Book Title: A Great and Terrible Beauty
Author: Libba Bray
Series: Gemma Doyle #1
Date Started: July 2nd 2022
Date Completed: July 6th 2022
Genres: Fantasy, Historical, Mystery
Quality Rating: Three Stars
Enjoyment Rating: Two Star
Final Rating: Two Stars
Review:

While I really love Libba Bray's Diviners series, I really wasn't feeling this. There are echoes of Evie in all these narcissistic ambitious girls, but none of her complexity and depth brought out by the other varying characters in that series. Gemma felt like she was heading that way and then decided not to bother; I'm all for girls not having to be goody goody two shoes, but I don't feel like rooting for a petty bystander either.

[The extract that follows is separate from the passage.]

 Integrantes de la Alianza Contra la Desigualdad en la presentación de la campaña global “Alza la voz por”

I'm not a massive fan of boarding school settings for exactly this reason - it's just petty bullying and whining and hardly any stakes, all justified by the amazingly basic revelation that bullies are humans and often have their own insecurities. Something which becomes even more infuriating when this is used to completely excuse their behaviour. It's not a massive surprise to me that I didn't like any of the characters and found it very hard to feel for them, even the ones being bullied who only then cared about being part of the clique and routinely become petty and spiteful to stay in the populars' good graces. I was hoping for something dramatic but was mostly expecting it to be the supernatural force after the girls. That, sadly, turned out not to be very dramatic.

The plot relies too much on convenient appearances from random characters so that the scene doesn't actually have to play out to its peak of tension. You'd like this was leading up to some massive reveal to the mystery thrown in our faces the whole way through, but alas, the mystery itself ends up feeling pretty trivial and easily solved (if you hadn't worked it out in the first couple of chapters).

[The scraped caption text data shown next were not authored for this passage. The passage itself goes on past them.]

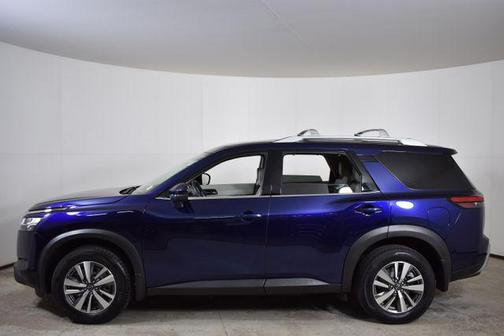 2023 Nissan Pathfinder SL 4WD
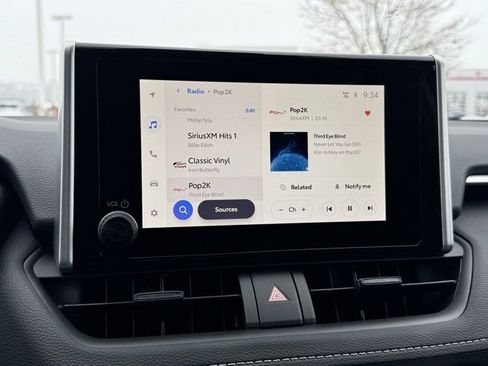 Used 2025 Toyota RAV4 XLE image 3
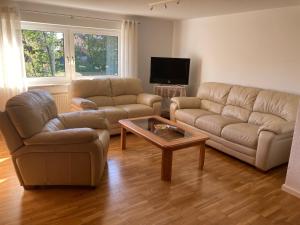 a living room with two couches and a coffee table at Ferienwohnung Loni in Kulmbach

All the above are honestly pet peeves of mine, but I've been known to get along with novels that feature them before. The problem with A Great and Terrible Beauty was that there felt like there were no stakes at all. Every time something creepy or mysterious happened, it was suddenly cut short or resolved immediately, with next to no build-up. And you complain all you want about how restrictive corsets were (which is factually incorrect) or women's lack of power, but for all the scandalous rule-breaking every single woman in the story seems to be a part of, no one seems to experience any consequences whatsoever. You've got scandalised unmarried women having new identities for themselves, moving into flats by themselves, with apparently no means at their disposal. (And yes, there is supposed to be a supernatural power after these girls - but who would know from how little it's in it).